The year is 4050 AD, 1043 years after the Cosmic Bang to be precise. Jack looked out the window of the neutrino driven space-cab that ran on the energy of black holes. It was remarkable how scientists had discovered that all the waste and dead bodies of the world could be dumped into the trash can that was the black hole and it would provide cosmic energy for years to come through a parallel universe. Legend had it that ancient American civilization had predicted this around the year 1905, but not until over a thousand years later did the tall man with a handlebar moustache and no hair sitting in a lab on the magnetic South Pole create the cosmic bang that was the one stop solution to depleting so-called renewable sources of energy.
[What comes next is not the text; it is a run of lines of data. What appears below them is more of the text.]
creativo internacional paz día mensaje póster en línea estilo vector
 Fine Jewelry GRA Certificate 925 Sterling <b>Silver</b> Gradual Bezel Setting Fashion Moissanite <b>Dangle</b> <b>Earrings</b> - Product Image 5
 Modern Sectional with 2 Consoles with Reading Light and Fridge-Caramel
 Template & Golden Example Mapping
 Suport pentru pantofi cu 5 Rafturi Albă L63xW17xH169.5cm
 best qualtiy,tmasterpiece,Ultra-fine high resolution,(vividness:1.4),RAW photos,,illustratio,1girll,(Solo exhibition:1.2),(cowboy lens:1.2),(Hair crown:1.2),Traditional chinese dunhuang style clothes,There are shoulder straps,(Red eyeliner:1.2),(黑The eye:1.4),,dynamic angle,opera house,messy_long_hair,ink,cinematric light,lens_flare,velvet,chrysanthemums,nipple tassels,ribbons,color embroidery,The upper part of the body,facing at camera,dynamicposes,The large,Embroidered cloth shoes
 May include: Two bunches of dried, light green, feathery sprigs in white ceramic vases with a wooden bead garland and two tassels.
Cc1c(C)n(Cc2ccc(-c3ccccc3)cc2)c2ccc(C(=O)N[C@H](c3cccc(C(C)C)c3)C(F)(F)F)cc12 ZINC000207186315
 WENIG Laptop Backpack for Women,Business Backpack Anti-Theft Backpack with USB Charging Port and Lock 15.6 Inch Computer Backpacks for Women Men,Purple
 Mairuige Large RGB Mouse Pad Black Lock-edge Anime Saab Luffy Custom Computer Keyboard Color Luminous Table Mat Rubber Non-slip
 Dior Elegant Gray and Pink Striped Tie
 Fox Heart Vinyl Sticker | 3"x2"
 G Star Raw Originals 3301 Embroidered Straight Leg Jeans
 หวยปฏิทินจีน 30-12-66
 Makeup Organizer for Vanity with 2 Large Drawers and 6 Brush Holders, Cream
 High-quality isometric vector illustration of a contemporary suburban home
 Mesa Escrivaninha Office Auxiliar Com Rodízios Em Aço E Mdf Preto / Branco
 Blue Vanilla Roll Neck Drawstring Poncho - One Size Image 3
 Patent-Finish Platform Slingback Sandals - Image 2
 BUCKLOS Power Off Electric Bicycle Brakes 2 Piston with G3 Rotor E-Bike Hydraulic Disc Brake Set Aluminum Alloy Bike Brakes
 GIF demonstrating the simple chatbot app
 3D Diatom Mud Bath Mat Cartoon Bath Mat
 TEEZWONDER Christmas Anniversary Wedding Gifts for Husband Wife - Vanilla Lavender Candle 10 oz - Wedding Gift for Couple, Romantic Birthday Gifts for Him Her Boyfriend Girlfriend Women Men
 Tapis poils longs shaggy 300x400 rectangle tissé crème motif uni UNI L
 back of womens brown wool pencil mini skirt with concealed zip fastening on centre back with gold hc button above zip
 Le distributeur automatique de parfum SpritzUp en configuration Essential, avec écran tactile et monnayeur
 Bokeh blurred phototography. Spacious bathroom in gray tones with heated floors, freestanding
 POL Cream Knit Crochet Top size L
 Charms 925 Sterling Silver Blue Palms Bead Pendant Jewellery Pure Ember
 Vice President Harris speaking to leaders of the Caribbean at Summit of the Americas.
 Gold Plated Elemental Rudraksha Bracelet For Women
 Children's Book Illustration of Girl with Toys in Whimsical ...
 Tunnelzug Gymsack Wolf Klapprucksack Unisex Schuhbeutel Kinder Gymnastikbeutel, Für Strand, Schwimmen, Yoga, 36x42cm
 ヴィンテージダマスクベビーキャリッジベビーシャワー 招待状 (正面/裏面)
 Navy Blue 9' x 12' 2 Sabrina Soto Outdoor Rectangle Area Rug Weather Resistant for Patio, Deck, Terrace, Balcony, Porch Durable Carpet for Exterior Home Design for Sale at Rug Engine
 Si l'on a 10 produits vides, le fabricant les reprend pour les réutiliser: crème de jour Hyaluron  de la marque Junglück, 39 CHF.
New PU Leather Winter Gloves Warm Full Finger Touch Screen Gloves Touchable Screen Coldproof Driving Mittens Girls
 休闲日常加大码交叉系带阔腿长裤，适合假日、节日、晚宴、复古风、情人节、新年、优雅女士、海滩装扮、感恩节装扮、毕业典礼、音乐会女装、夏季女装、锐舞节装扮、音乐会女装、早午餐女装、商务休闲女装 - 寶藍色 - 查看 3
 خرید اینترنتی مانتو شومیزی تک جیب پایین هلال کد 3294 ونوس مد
I was walking along the soils of Scotland, feeling the pain in my knees that my overweight tummy was exerting on my knobbly knees, worsened only by the gravel on the ground creating an uneven surface. Stirling castle lay ahead, with a sign imploring me to understand that archaeological works were going on to determine the exact nature of the death of King Henry VIII in1594, over four hundred years ago. His step mom had married his dad because he had been sexy, while James the Vth, his father, didn't exactly believe in the equality of men and women. While his 3 year long kitchen imprisonment of the wife ended in her execution, the son was no holy saint either. He killed his father, took the throne for himself and spent the rest of his days in the Great Hall his father had commissioned.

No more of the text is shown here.